The company ownership is limited by shares in the limited company type as it’s the main characteristic. However, the question arises when the business multiplies in size and there comes the requirement of increasing the share capital of the company to create an opportunity. In this article, we will be discussing what percentage shares are for private-public limited companies and how to do a share allotment, what steps to follow to go through the process of increasing the share capital of a limited company.

What is Share Allotment?

Firstly, before the consideration of the main topic, we will review the fundamentals that constitute a Hong Kong Private Limited Company. Hong Kong one of the locations that is mostly preferred by multinational investors for starting a new venture or conducting their business activities because of the level of protection that it offers by having its own separate legal identity from its shareholders. The protection of assets of a foreign investor, who can be a corporation registered beyond the border of Hong Kong and a foreign individual, is provided by the Private Limited Company by shares with the aim of reducing the level of the risks.

For example, as can be seen in the case of the incorporation of a Private Limited Company in Hong Kong, the investor can decide the number of shares which will be registered as the company’s share capital.

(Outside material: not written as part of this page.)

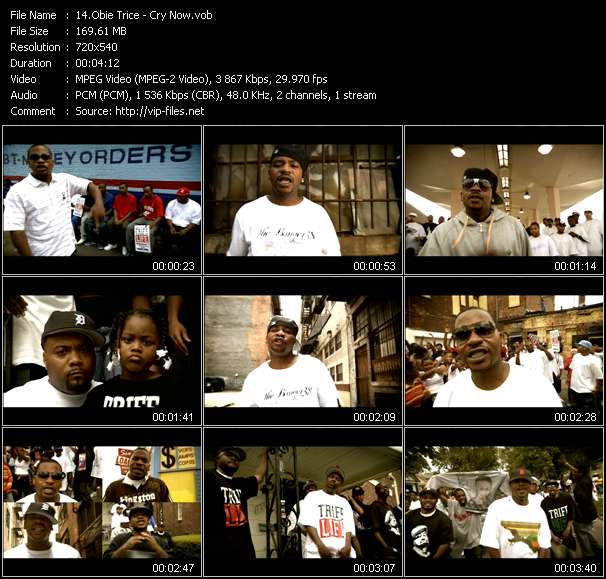 Obie Trice video ”Cry Now” from dvd ”Top Hits USA Video VH-46 September 2006”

The Hong Kong Companies Ordinance (cap. 622) stipulates that a private limited company must have at least one share worth a value of HK$1. Furthermore, a Private Limited Company can do so by raising the maximum number of its shareholders to 50 people. In this regard, a company can also raise capital by issuing new shares to new shareholders and increase the number of shareholders. This is the essence of the system referred to as the sub-division of shares.

In addition, when the company changes or increases its number of shareholders or issued share allotment, it should update all the information with the Companies Registry of Hong Kong as part of the Annual Return of the company which should be submitted every year and updated regularly if any changes occur to the company to comply with the local regulations of Hong Kong.

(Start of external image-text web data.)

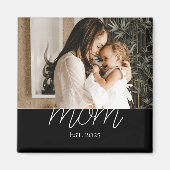 Mom Established Photo Gift Magnet (Devant)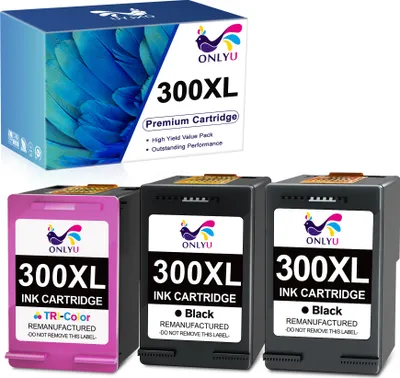 Produktbild von ONLYU 3er Druckerpatrone kompatible für HP 300XL DeskJet D 1600 2600 5500 5600 F 2400 4200 4400 4500 Series Envy 110 Series PhotoSmart C 4600 4700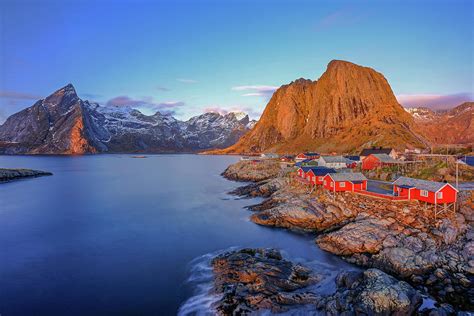 Classic View Of Hamnoy At Blue Hour Near Reine On Lofoten Islands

Now, that we have better knowledge about one of the essentials of a Private Limited Company and the process of issuing new shares, we can jump to the next section.

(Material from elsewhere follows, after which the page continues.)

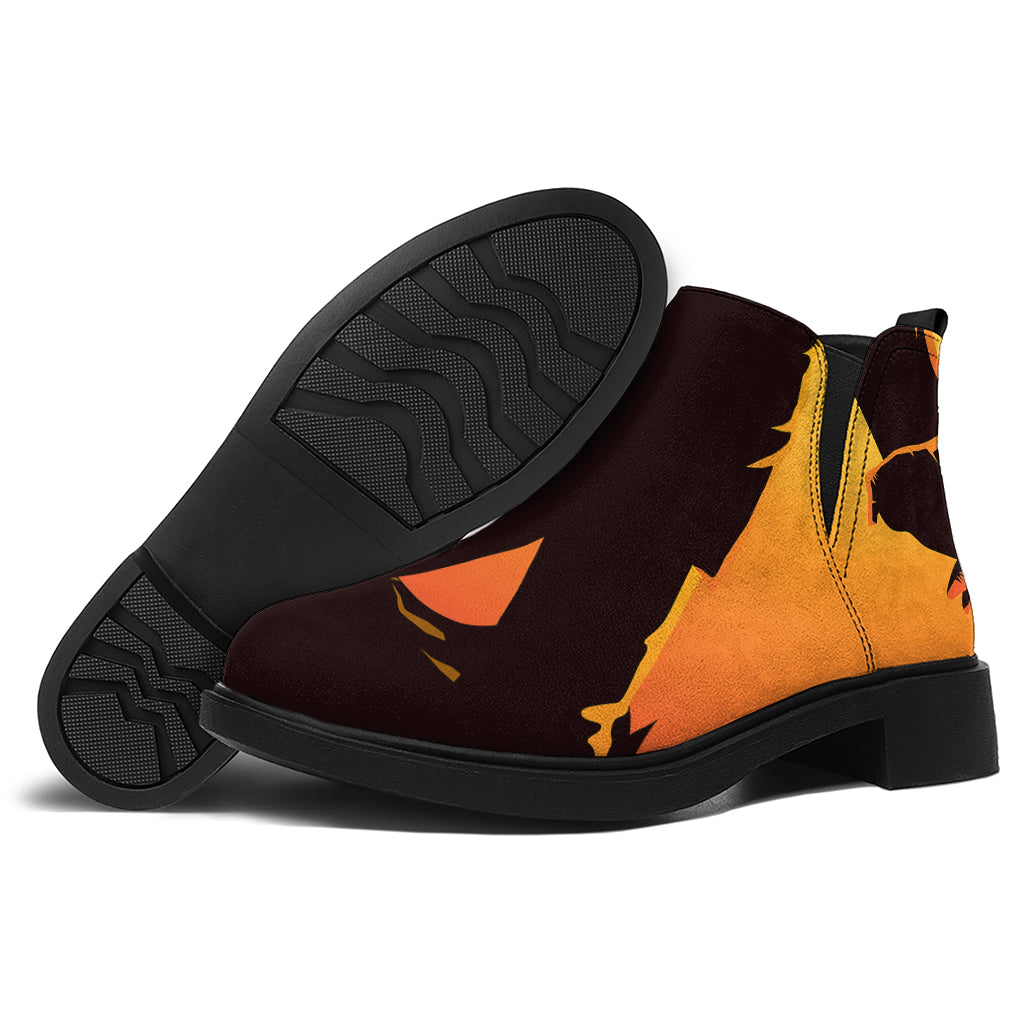 Halloween Walking Zombie Print Flat Ankle Boots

What Is the Critical Thing Required When the Capital is Raised?

Some people may think that the procedure of issuing new shares or share allotment from a Hong Kong company in accounting is just the process of depositing the capital passed in the agreement into the company’s business account. However, the procedure provided is not only a straight transaction and some factors should be taken into consideration. In this section, we’ll mention some of them in a general way:

  • Articles of Association (AoA): In order to comply with the Articles of Association of the corporation, the issue of shares should be done according to the rules set forth in the document, and especially if it is going to be about the new shares that are going to be issued. For instance, the main shareholders need to be unanimous and have the same opinion about adding a new shareholder which is a hard process. Otherwise, it might be difficult to carry out the process.
  • Annual Return compliance: in this case, there is an element that is normally overlooked, which is the fact that a company that is out of compliance with the local authorities of Hong Kong like not submitting the Annual Return in time or even forgetting for several years, cannot perform a process until they come up to date to the year that is the process intended to be done.
  • Audited Financial Statement: Along with the previous point, a company must report its Audited Financial statements to the government authorities at least once a year In respect to this kind of procedure, the latest financial statements are necessary to look at the actual position of the company. For example, if a company is held back for 5 or more years, it will have to carry out its accounting and audit operations until the last fiscal year. The lack of financial flexibility will result in the inability to share allotment. What is the role of the audit and the share allotment in the process of registering a company? Consider the case you want to invest in a company, but you need to know the status of that entity, sales look good, but what about the debts, in that case, you will consider the investment twice.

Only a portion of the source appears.